Here are a few of the favorite types found in gardens across the United States.
- Pink Chintz – As a variety related to the genus thymus sepyllum, the pink chintz creeping thyme features dark-green, fuzzy leaves with pink flowers in light and dark hues. This creeping thyme spreads quickly and can reach diameters of up to 24-inches.
- Red Creeping Thyme – This variety of creeping thyme also goes by the moniker, “coccineus.” This variety of creeping thyme bursts into bloom with magnificent magenta flowers. This variety covers ground quickly, growing to 18-inches in diameter. The red creeping thyme produces small but pretty flowers that produce the typical thyme scent.
- Purple Carpet – This variety is the most popular type of creeping thyme found all over the world. The purple carpet grows at a low height, creating a purple carpet of flowers that gardeners can walk on without damaging the plant. This variety spreads out to 18-inches in diameter.
- Spicy Orange – This variety of creeping thyme produces pink clusters of flowers and needle-shaped foliage. This type does not provide the same groundcover effect as the purple carpet or other variations. It’s one of the smaller varieties, only spreading to a diameter of 10 to 12-inches.
- Wooly Thyme – This variety features silver-green foliage that takes the shape of a spiral. This variety is very drought-resistant, and the leaves are the focal point of the plant, although it does produce small purple and pink flowers in the summertime. This variety prefers colder climates.
- Doone Valley – Featuring light pink to purple flowers and dark-green foliage, the Doone Valley creeping thyme shows gold tips at the end of the leaves in colder climates.
Creeping thyme is a versatile and attractive ground cover plant that not only adds visual appeal to gardens but also offers various practical uses in landscaping and culinary applications.
With a variety of vibrant colors and unique characteristics, creeping thyme is an excellent choice for filling gaps between stepping stones, suppressing weeds, and creating a pleasant aroma in your garden. It’s also used in cooking and folk medicine, making it a valuable addition to any home garden.
By planting creeping thyme in well-draining, alkaline soil and providing it with adequate sunlight, gardeners can enjoy its beauty and utility for years to come.
Creeping Thyme FAQs
Does creeping thyme come back every year?
Yes, creeping thyme is a perennial plant, meaning it comes back every year. It can survive in moderate climates and will return each spring with new growth and flowers.
How invasive is creeping thyme?
Creeping thyme is not considered highly invasive, but it does spread effectively as a ground cover. The rate of spreading varies depending on the variety, with some types like caraway thyme growing more prolifically than others like woolly thyme.
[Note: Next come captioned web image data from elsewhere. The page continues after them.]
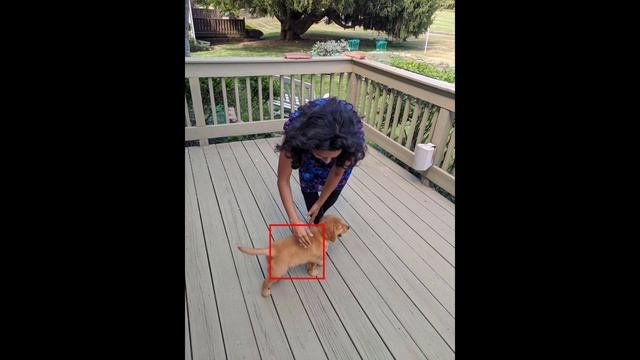 Sliding Window Object Detection | Deep Learning Tutorial 30 (Tensorflow, Keras & Python)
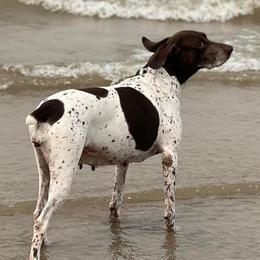 German Shepherds and German Shorthaired Pointers from Z Haus Kennels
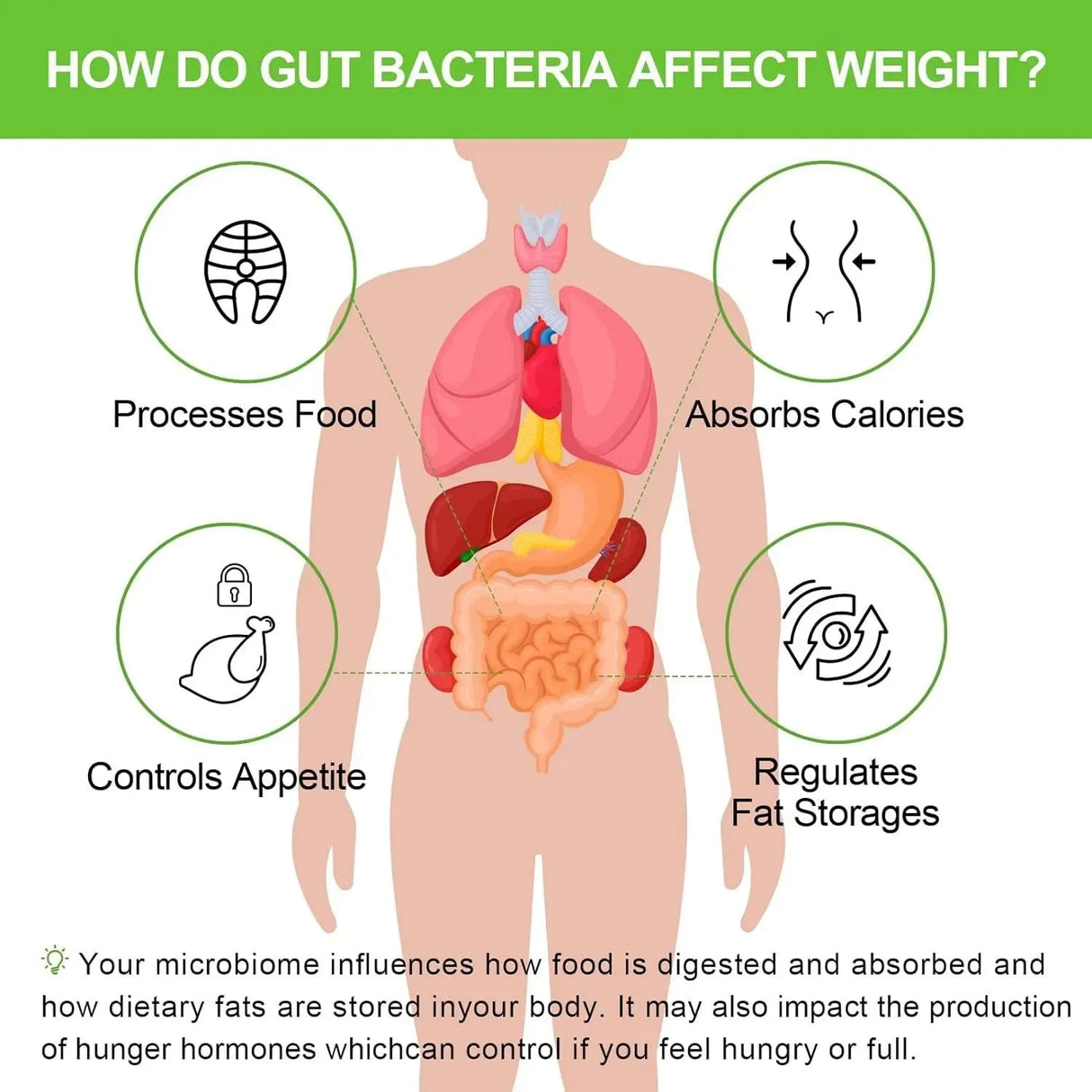 NEGIMA - Negima 300 Billion CFUs Probiotic 60 Capsulas - The Red Vitamin MX - Suplementos Alimenticios - {{ shop.shopifyCountryName }}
Can you walk on creeping thyme?
Yes, creeping thyme is a tough and resilient plant that can handle foot traffic. Some varieties, like the purple carpet creeping thyme, create a beautiful and durable ground cover that can be walked on without causing significant damage.
Can I plant creeping thyme directly in the ground?
Yes, you can plant creeping thyme directly in the ground. Make sure to choose a well-draining, sunny location with slightly alkaline soil for optimal growth. You can also start seeds indoors and transplant them to the garden after the last frost.
Will creeping thyme choke out weeds?
Creeping thyme acts as an effective ground cover that can help suppress weed growth by competing for resources and blocking sunlight. By covering the soil, creeping thyme helps prevent the establishment and growth of invasive weeds.
What does creeping thyme look like in winter?
In winter, creeping thyme becomes dormant, and its growth slows down. The foliage may appear less vibrant, and the plant may lose some leaves, depending on the climate and specific variety. In milder climates, creeping thyme may retain much of its foliage throughout the winter, while in colder climates, it may die back and re-emerge in spring.